Problem details | Nothing but the lines below from the first through the one with "Humanoid Alien Creature Fur Rigged 3D model" should appear, printed exactly; please leave pictures out.

---

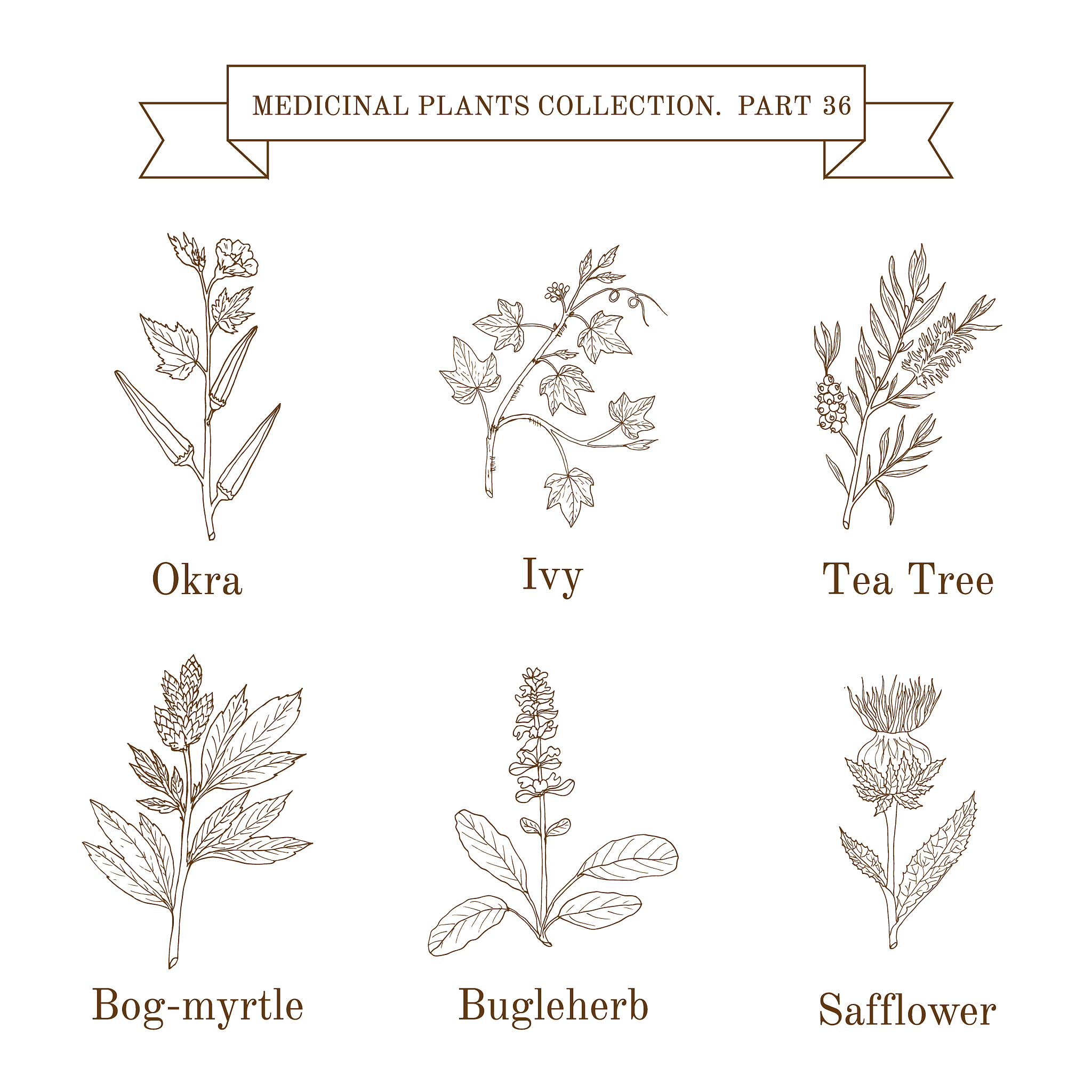 Grassroots Democracy: Definition, Importance, and Examples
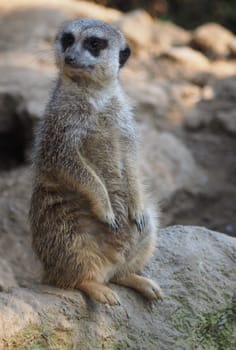 Meerkat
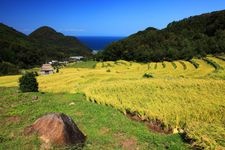 Tourist destination images of Ishibe Tanada (Rice Terraces)(3)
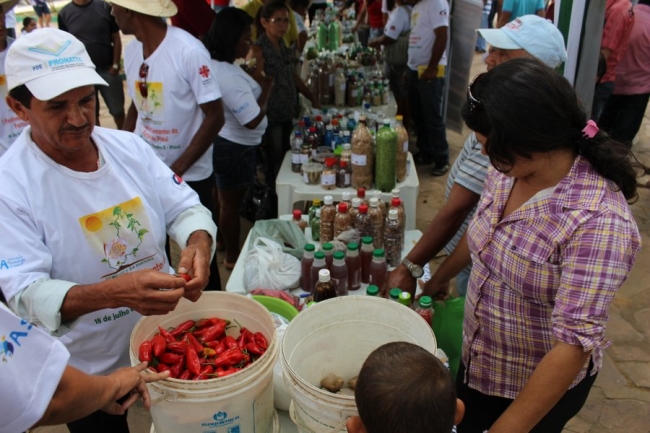 Sementes raras e exóticas são mostradas no I Festival das Sementes da Fartura, realizado no município de Pedro II - Imagem 6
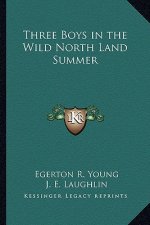 Three Boys in the Wild North Land Summer
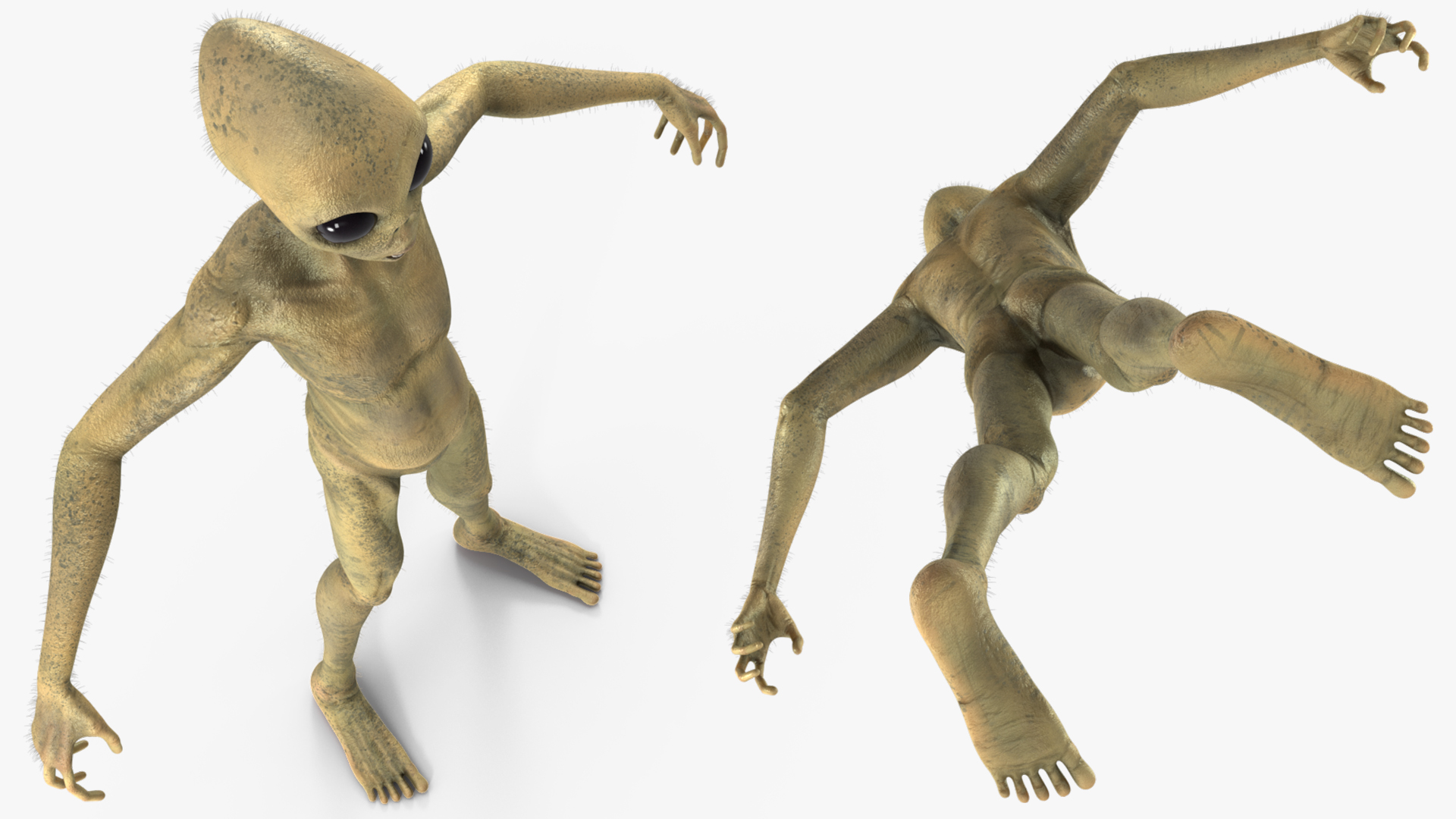 Humanoid Alien Creature Fur Rigged 3D model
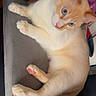 cat, blue_eyes, cream_fur, orange_fur, paws, cushion, indoor, pet, relaxed, close_up, feline, whiskers, ears, pink_nose, pink_paws, domestic_animal, laying_down, curious, timestamp, text_overlay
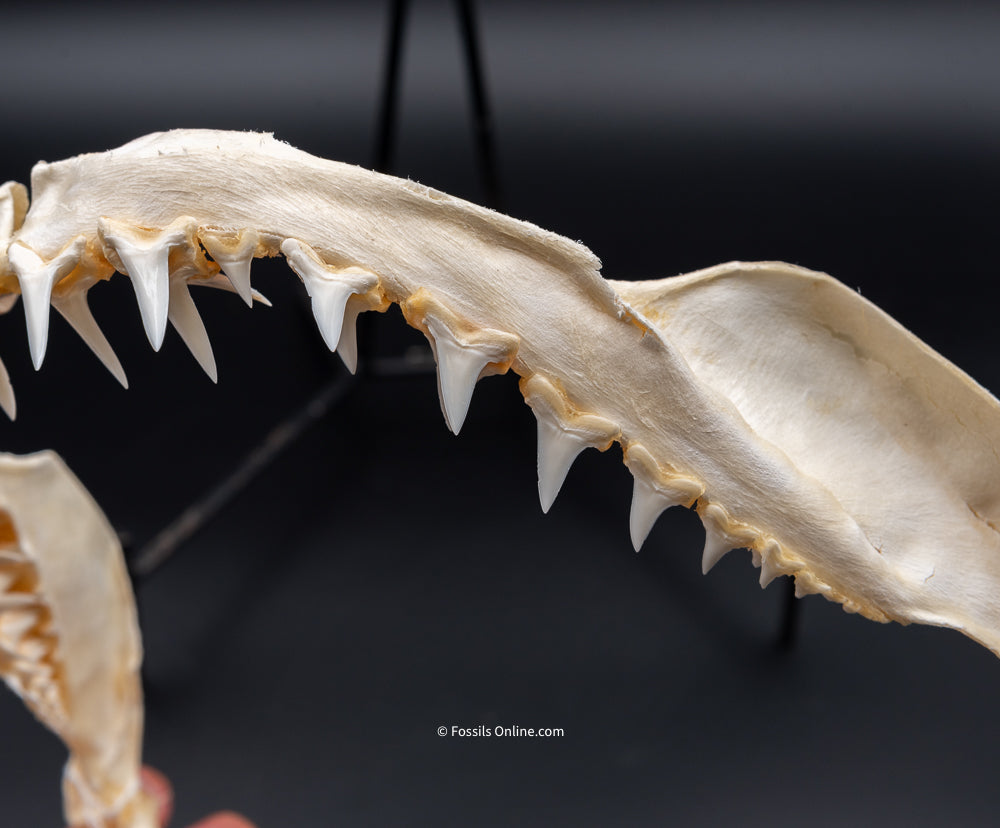 Longfin Mako Shark Jaw w/ DATA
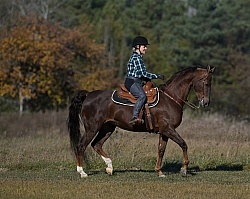 Saddlebred Ridden Western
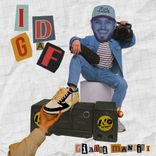 Artwork for "Idgaf"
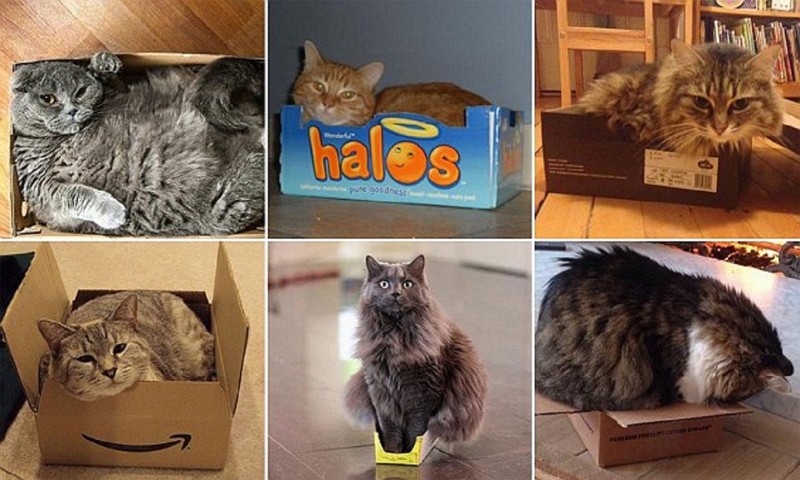 Кошки и коробки: им нельзя друг без друга!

---

Response |
 Grassroots Democracy: Definition, Importance, and Examples
 Meerkat
 Tourist destination images of Ishibe Tanada (Rice Terraces)(3)
 Sementes raras e exóticas são mostradas no I Festival das Sementes da Fartura, realizado no município de Pedro II - Imagem 6
 Three Boys in the Wild North Land Summer
 Humanoid Alien Creature Fur Rigged 3D model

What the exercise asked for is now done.